The top 10 hottest housing markets for next year
For the upcoming year, Zillow has predicted that ten markets will soar above all the rest, and we are surprised and pleased to see that not all ten happen to be on the coasts, unlike other lists we’ve already seen generated for 2014.
In addition to outlining the 2014 housing market predictions, Zillow predicts home values will rise by 3.0 percent, mortgages will be easier to get, and rates will reach 5.0 percent before the end of the year. Additionally, they are predicting that homeownership rates will fall to their lowest point in nearly two decades.
Zillow predicts the following ten housing markets are likely to experience the heaviest demand for homes alongside increasing home values:
- 10. Boston, MA
- 9. Portland, OR
- 8. San Diego, CA
- 7. Jacksonville, FL
- 6. Raleigh, NC
- 5. Miami, FL
- 4. San Jose, CA
- 3. Austin, TX
- 2. Seattle, WA
- 1. Salt Lake City, UT
Home values will rise nationally
Dr. Stan Humphries, Zillow chief economist notes that “In 2013, home values rose rapidly – about 5 percent nationwide and more than 20 percent in some local markets. These gains, while beneficial in many ways, were also unsustainable and well above historic norms for healthy, balanced markets.”
“This year,” Dr. Humphries added, “home value gains will slow down significantly because of higher mortgage rates, more expensive home prices, and more supply created by fewer underwater homeowners and more new construction. For buyers, this is welcome news, especially for those in markets where bidding wars were becoming the norm and bubble-like conditions were starting to emerge.”

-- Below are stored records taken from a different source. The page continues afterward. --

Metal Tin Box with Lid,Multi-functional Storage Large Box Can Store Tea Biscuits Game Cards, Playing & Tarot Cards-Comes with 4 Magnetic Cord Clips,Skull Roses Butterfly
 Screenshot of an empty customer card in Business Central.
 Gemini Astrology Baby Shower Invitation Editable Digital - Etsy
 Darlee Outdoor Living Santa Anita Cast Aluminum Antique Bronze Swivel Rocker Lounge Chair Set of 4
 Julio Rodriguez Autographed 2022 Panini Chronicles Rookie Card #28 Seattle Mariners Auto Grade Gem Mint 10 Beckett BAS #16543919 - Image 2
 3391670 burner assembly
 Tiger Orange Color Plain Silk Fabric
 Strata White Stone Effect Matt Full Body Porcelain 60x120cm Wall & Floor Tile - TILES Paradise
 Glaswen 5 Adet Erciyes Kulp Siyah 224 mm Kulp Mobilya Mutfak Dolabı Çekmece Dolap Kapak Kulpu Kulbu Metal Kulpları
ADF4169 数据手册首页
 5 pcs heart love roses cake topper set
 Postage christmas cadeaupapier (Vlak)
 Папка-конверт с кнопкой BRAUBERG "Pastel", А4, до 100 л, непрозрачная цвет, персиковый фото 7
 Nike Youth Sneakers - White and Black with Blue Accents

Homeownership levels will fall
Despite values rising, Dr. Humphries notes that homeownership will likely hit 20 year lows in 2014. “The housing bubble was fueled by easy lending standards and irrational expectations of home value appreciation, but it put a historically high number of American households – seven out of ten – in a home, if only temporarily.”
“That homeownership level proved unsustainable and during the housing recession and recovery the homeownership rate has floated back down to a more normal level, and we expect it to break 65% for the first time since the mid-1990s,” Dr. Humphries concluded.